__TO DO__:
The word "Black" occurs in some of the lines below; copy each of those lines.

__DATA RECORDS__:
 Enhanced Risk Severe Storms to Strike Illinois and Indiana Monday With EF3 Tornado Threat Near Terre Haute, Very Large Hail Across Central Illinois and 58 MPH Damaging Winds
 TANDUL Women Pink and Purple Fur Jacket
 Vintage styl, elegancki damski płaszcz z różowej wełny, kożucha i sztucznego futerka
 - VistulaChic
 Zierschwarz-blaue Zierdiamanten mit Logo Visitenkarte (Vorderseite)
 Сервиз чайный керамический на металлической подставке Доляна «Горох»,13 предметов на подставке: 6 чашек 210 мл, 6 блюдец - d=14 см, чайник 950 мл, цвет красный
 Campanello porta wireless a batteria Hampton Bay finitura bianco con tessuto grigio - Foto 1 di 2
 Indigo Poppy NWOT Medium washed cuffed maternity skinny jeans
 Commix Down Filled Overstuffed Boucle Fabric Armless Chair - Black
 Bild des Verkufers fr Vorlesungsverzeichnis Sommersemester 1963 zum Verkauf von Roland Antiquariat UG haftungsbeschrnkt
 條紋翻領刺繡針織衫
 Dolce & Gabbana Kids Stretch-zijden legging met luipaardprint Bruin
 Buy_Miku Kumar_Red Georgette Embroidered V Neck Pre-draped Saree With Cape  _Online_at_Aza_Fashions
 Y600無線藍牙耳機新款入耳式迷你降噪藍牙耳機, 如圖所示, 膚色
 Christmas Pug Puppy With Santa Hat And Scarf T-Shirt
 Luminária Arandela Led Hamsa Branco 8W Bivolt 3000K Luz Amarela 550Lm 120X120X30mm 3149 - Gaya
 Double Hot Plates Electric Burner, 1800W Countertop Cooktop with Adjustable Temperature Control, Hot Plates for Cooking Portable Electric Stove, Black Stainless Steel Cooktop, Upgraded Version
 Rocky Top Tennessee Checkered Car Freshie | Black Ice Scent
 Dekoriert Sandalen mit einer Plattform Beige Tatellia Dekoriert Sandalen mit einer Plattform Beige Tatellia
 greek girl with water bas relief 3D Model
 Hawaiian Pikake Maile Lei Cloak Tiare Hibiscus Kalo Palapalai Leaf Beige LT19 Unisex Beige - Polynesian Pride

__EXERCISE OUTPUT__:
 Commix Down Filled Overstuffed Boucle Fabric Armless Chair - Black
 Double Hot Plates Electric Burner, 1800W Countertop Cooktop with Adjustable Temperature Control, Hot Plates for Cooking Portable Electric Stove, Black Stainless Steel Cooktop, Upgraded Version
 Rocky Top Tennessee Checkered Car Freshie | Black Ice Scent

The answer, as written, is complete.